Dati positivi che dimostrano l’importanza e la necessità di utili e buone leggi di natura ambientale per il Paese. La legge sugli ecoreati ha fornito un valido strumento operativo alle forze dell’ordine e all’autorità giudiziaria per poter fermare gli ecocriminali, che fino ad oggi hanno inquinato l’ambiente in cui viviamo contando sull’impunità. Come abbiamo detto più volte, si tratta di una legge rivoluzionaria che ha fatto entrare la parola ambiente nel codice penale introducendo nuovi delitti. Oltre all’inquinamento e al disastro ambientale, il provvedimento prevede altri quattro delitti (morte o lesioni come conseguenza del delitto di inquinamento ambientale, traffico e abbandono di materiale ad alta radioattività, impedimento al controllo e omessa bonifica), una lunga serie di aggravanti (tra cui quelle contro l’ecomafia o i pubblici funzionari corrotti), misure molto drastiche come la confisca dei beni come per i mafiosi e sanzioni severe contro la responsabilità giuridica delle imprese.
Una legge utile e che funziona, in grado di garantire ecogiustizia al popolo inquinato, all’ambiente e alla salute dei cittadini, fermando e punendo quelli che l’ex procuratore Pier Luigi Vigna chiamava “i ladri di futuro”. Ora, però, sarà importante una grande attività di informazione e formazione di magistrati e forze dell’ordine sui nuovi strumenti penali a disposizione di chi opera per tutelare l’ambiente, la salute e gli imprenditori onesti. Riflessioni e proposte che vanno ad accompagnare i dati del dossier Ecogiustizia è fatta, allegato alla relazione presentata in Commissione Ecomafia.
I bilanci sono importanti ma è anche fondamentale guardare avanti, perché mancano all’appello tanti altri provvedimenti complementari che vadano a rafforzare questo iter legislativo di riforme, a partire dall’approvazione del disegno di legge che introduce i delitti contro la fauna e la flora (presentato pochi giorni fa). Dopo l’approvazione della legge sugli ecoreati, Governo e Parlamento si erano assunti l’impegno di riprendere gli emendamenti accantonati che trattavano proprio i delitti conto la fauna e la flora. Una promessa rispettata a cui però devono seguire i fatti e una rapida approvazione.

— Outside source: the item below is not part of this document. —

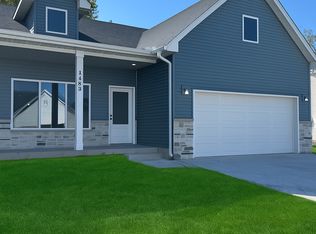1101 Emerald Cove Dr, Clear Lake, IA 50428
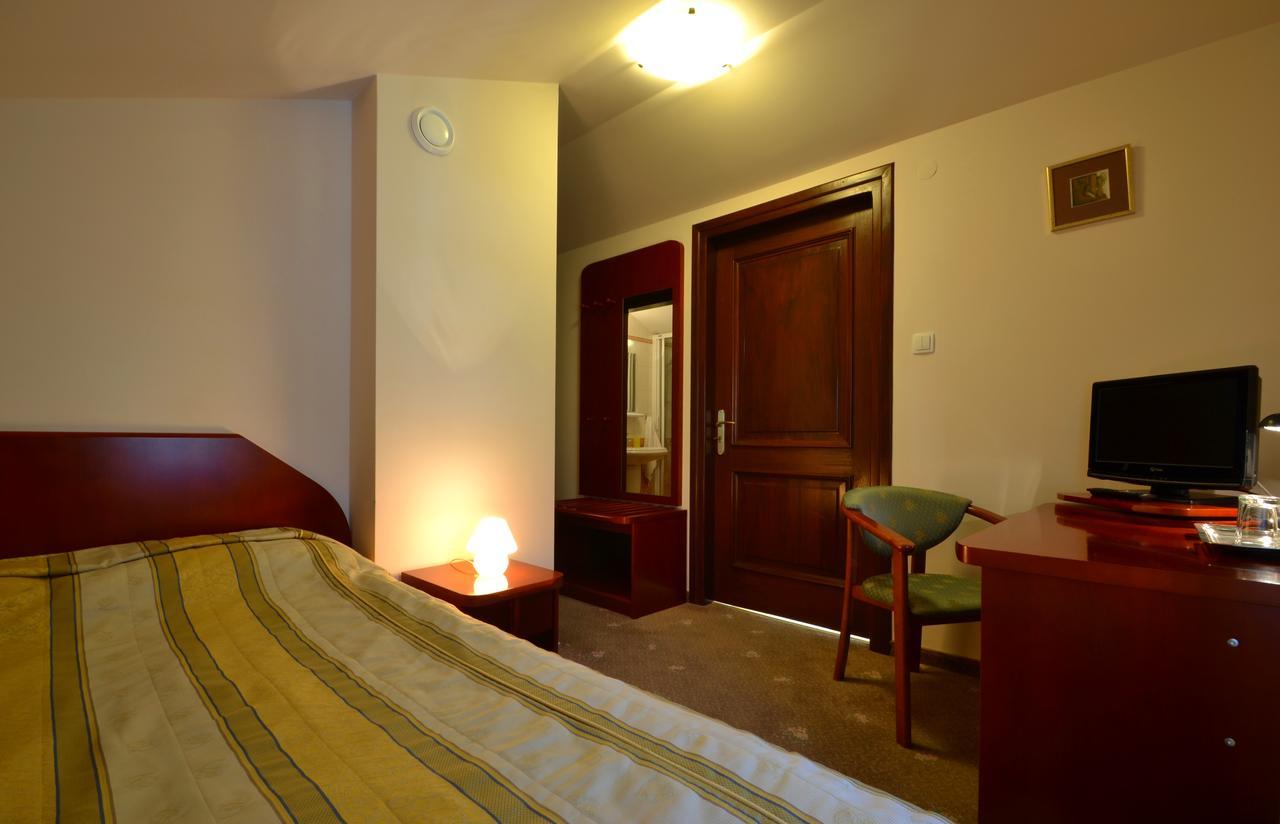 Hotel Grant Krynica Zdroj Bagian luar foto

In Italia negli ultimi sette anni, dal 2009 al 2015, ogni giorno sono state registrate 20 infrazioni contro la fauna selvatica, denunciate 16,5 persone ed effettuati quasi 7 sequestri. Bracconaggio e commercio illegale di specie animali protette sono alcuni dei reati più diffusi in Italia ai danni degli animali. Per questo, chiediamo l’urgenza di un’efficace attenzione alla salvaguardia di questa componente essenziale della biodiversità, a partire dall’adeguamento della tutela legislativa in tema di delitti contro la fauna, oggi ricadenti solo tra i cosiddetti “reati minori”. Chiediamo, quindi, al Parlamento di introdurre nel codice penale i delitti contro la fauna. Con questa legge, bracconieri ed ecocriminali non la faranno più franca e sarà possibile colpire con grande efficacia chi fino ad oggi uccide impunemente, ogni giorno, lupi, ibis o orsi e sottrae natura all’ambiente in cui viviamo contando sull’impunità.